There are times when you take the field and you just get your butts kicked from start to finish. That’s what happened, rather uncharacteristically, to Bill Belichick’s Patriots in their wild-card loss to the Bills on Saturday night. The 47-17 total didn’t really represent the full extent of the one-sided thrashing, but the unpresented nature of the whomping, and the historical nature of it, tells the larger story.
Bill Belichick has been the Patriots’ head coach since 2000, and there were all kinds of things that happened to Belichick’s team on this night that had never happened to a Belichick team before.
No team had ever scored touchdowns on their first four drives against any Pats team coached by Belichick, but the Bills did, and they extended that into the second half, with touchdowns on their first three drives.

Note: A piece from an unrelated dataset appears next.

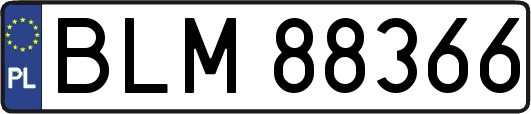 BLM88366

The Bills also became the first team in the Super Bowl era to score touchdowns on each of their first five drives in the postseason.
Josh Allen completed 21 of 25 passes for 308 yards, five touchdowns, and no interceptions, making him part of a very small group of quarterbacks who threw more touchdowns than incompletions in a playoff game. Tom Brady did it against the Jaguars in the 2017 playoffs, Kurt Warner did it against the Packers in the 2009 Playoffs, and Peyton Manning did it against the Broncos in the 2003 playoffs.
Want more? The Bills became the first team with no punts and no turnovers in a playoff game since the Colts did it in 2004.
Buffalo’s 19 first downs in the first half were also the most amassed against a Belichick Patriots team (they had 29 total).
Allen’s five passing touchdowns was the most in Bills postseason history, and this was the 10th time in postseason history that a quarterback threw for more than 300 yards and at least five touchdowns.
The 47 points Buffalo scored were also the most ever against a Belichick Patriots defense, exceeding the 42 the Chiefs put up in the 2017 season opener. The 24-point halftime deficit was also unpresented.
24 points is the largest halftime deficit in Patriots playoff history, and tied for the largest halftime deficit in any game under Bill Belichick (Week 12 2013 against Broncos).
The Patriots went on to win that Week 12 game vs the Broncos, 34-31. pic.twitter.com/wdRPYK0aRF
— ESPN Stats & Info (@ESPNStatsInfo) January 16, 2022
Clearly, there was no comeback this time.